DATA FOR ANALYSIS
'''

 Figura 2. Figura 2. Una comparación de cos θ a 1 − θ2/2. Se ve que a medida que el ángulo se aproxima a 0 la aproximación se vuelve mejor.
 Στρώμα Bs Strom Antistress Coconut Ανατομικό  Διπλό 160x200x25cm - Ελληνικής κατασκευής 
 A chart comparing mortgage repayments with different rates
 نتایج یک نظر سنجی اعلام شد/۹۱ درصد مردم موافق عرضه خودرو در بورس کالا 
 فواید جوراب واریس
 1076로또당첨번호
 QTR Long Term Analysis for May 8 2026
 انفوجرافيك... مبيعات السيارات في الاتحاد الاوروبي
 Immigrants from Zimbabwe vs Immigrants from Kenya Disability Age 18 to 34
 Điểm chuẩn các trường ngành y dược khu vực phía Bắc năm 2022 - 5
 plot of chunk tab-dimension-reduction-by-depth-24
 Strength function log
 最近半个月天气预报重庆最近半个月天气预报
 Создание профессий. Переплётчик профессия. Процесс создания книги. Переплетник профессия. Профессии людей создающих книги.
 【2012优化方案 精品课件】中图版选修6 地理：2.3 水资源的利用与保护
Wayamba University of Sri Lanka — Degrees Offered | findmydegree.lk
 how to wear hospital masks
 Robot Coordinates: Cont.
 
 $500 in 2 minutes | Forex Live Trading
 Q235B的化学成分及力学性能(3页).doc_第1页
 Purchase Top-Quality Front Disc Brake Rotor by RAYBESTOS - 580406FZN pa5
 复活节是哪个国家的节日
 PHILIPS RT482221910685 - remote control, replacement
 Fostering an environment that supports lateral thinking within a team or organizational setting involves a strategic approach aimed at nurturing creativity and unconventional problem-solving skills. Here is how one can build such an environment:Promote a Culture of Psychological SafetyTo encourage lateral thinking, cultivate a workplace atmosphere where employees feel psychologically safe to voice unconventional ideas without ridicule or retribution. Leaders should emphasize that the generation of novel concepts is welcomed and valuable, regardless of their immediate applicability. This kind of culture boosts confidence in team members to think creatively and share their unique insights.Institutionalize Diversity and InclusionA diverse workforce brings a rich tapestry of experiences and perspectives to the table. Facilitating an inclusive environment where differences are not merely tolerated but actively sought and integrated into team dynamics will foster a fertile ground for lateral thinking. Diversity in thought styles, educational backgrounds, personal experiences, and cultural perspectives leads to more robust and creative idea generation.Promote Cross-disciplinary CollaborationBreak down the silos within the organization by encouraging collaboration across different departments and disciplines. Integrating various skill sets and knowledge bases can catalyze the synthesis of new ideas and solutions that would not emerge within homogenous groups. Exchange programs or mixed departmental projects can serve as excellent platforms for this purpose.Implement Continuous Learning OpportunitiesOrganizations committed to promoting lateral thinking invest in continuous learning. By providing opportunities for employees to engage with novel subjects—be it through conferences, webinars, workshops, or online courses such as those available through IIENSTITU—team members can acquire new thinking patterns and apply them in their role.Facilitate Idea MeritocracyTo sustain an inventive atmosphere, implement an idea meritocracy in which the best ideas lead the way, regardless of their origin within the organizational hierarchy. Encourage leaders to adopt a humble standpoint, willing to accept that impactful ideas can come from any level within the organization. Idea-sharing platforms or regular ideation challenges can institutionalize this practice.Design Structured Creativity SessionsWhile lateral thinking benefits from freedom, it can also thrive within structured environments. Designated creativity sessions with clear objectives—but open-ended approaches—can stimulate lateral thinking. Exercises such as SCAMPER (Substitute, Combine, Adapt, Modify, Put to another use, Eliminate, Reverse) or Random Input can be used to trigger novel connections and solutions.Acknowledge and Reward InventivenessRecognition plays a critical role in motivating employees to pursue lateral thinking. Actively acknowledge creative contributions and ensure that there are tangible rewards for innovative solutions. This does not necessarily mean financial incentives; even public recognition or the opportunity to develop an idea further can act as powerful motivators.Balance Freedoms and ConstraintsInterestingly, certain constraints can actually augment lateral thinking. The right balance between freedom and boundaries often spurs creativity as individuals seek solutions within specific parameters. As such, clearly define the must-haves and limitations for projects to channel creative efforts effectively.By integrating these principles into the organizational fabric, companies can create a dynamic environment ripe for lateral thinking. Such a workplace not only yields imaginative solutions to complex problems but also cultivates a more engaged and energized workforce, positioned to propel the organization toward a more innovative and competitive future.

'''

WORK ORDER
Looking at the entries above, can you reproduce exactly the lines from the one that holds "نتایج یک نظر" through the one that holds "PHILIPS RT482221910685 - remote", and only those?

EXERCISE ANSWER
 نتایج یک نظر سنجی اعلام شد/۹۱ درصد مردم موافق عرضه خودرو در بورس کالا 
 فواید جوراب واریس
 1076로또당첨번호
 QTR Long Term Analysis for May 8 2026
 انفوجرافيك... مبيعات السيارات في الاتحاد الاوروبي
 Immigrants from Zimbabwe vs Immigrants from Kenya Disability Age 18 to 34
 Điểm chuẩn các trường ngành y dược khu vực phía Bắc năm 2022 - 5
 plot of chunk tab-dimension-reduction-by-depth-24
 Strength function log
 最近半个月天气预报重庆最近半个月天气预报
 Создание профессий. Переплётчик профессия. Процесс создания книги. Переплетник профессия. Профессии людей создающих книги.
 【2012优化方案 精品课件】中图版选修6 地理：2.3 水资源的利用与保护
Wayamba University of Sri Lanka — Degrees Offered | findmydegree.lk
 how to wear hospital masks
 Robot Coordinates: Cont.
 
 $500 in 2 minutes | Forex Live Trading
 Q235B的化学成分及力学性能(3页).doc_第1页
 Purchase Top-Quality Front Disc Brake Rotor by RAYBESTOS - 580406FZN pa5
 复活节是哪个国家的节日
 PHILIPS RT482221910685 - remote control, replacement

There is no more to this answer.